> **Work required**: Go through the data and copy every line exactly, but not the images.

> **Dataset content**:
########################################

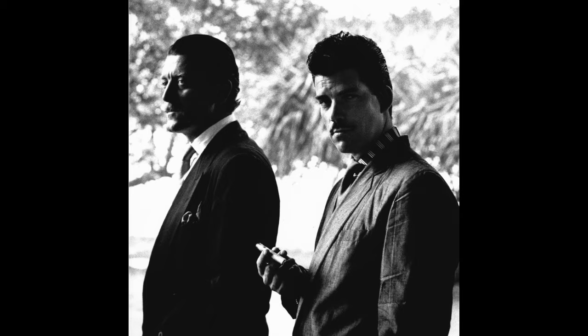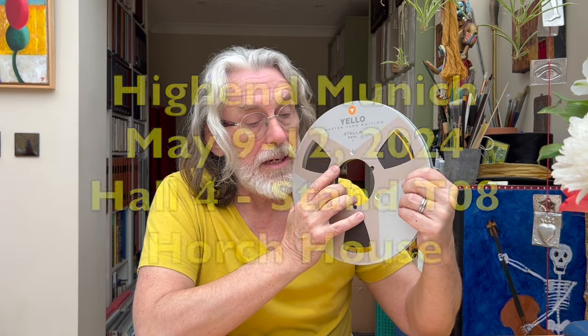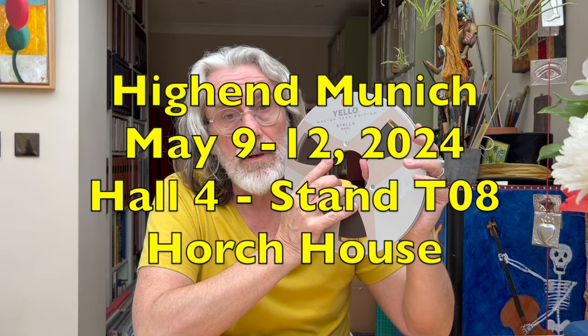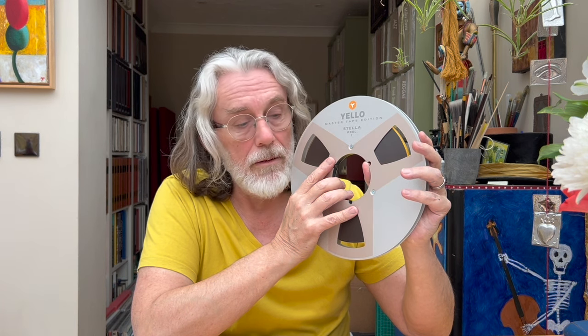The first release is Stellar, which officially goes on sale - the launch is at Expona in room 428, which is pro audio, and you'll be able to buy copies to take away at a very significant discount. The European launch will be at the High-End Show in Munich, Hall 4, Stand T08. Horch House will be there with both the tapes and the machine from that promo video, and Boris Blank will be there on Saturday between 10am and midday.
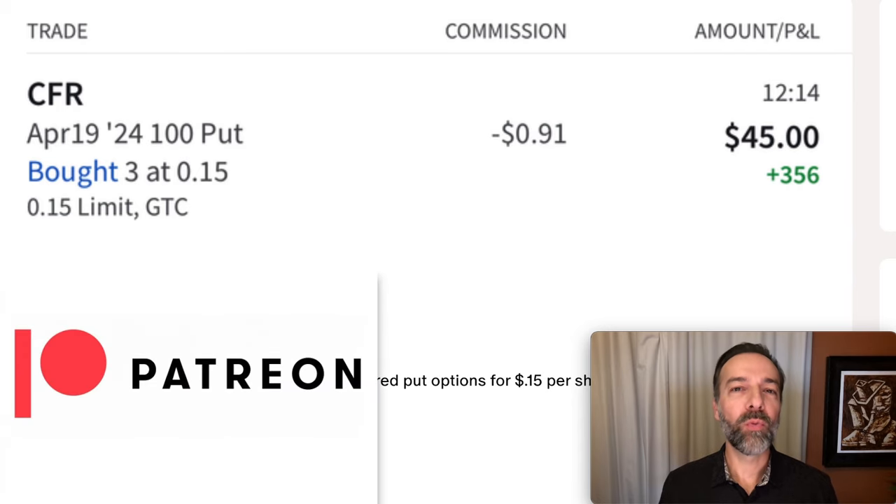If you'd like to get an alert whenever we buy stock or sell options, check out the benefits of becoming a patron at the link in the description below. Selling options is my favorite way to generate monthly and consistent cash flow and returns. However, it's very important that you understand all the risks you're taking when you sell an option. If you'd like to see all the risks, check out the video linked above entitled 'Is Selling Put Options Safe?' Until next time, happy investing and we'll see you again soon.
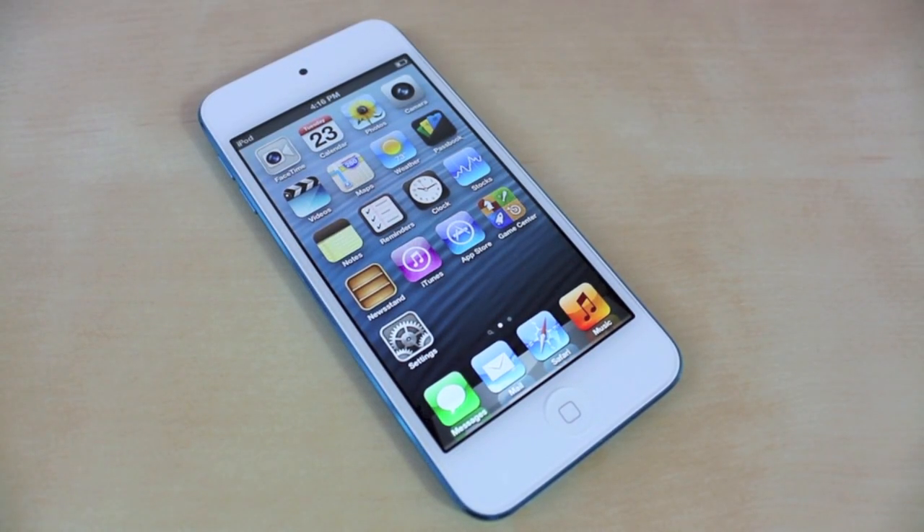What's up everyone, this is JRProductionX and in this video we're going to go over several speed tests for the new iPod Touch fifth generation. So let's get started.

########################################

> **Written answer**:
The first release is Stellar, which officially goes on sale - the launch is at Expona in room 428, which is pro audio, and you'll be able to buy copies to take away at a very significant discount. The European launch will be at the High-End Show in Munich, Hall 4, Stand T08. Horch House will be there with both the tapes and the machine from that promo video, and Boris Blank will be there on Saturday between 10am and midday.
If you'd like to get an alert whenever we buy stock or sell options, check out the benefits of becoming a patron at the link in the description below. Selling options is my favorite way to generate monthly and consistent cash flow and returns. However, it's very important that you understand all the risks you're taking when you sell an option. If you'd like to see all the risks, check out the video linked above entitled 'Is Selling Put Options Safe?' Until next time, happy investing and we'll see you again soon.
What's up everyone, this is JRProductionX and in this video we're going to go over several speed tests for the new iPod Touch fifth generation. So let's get started.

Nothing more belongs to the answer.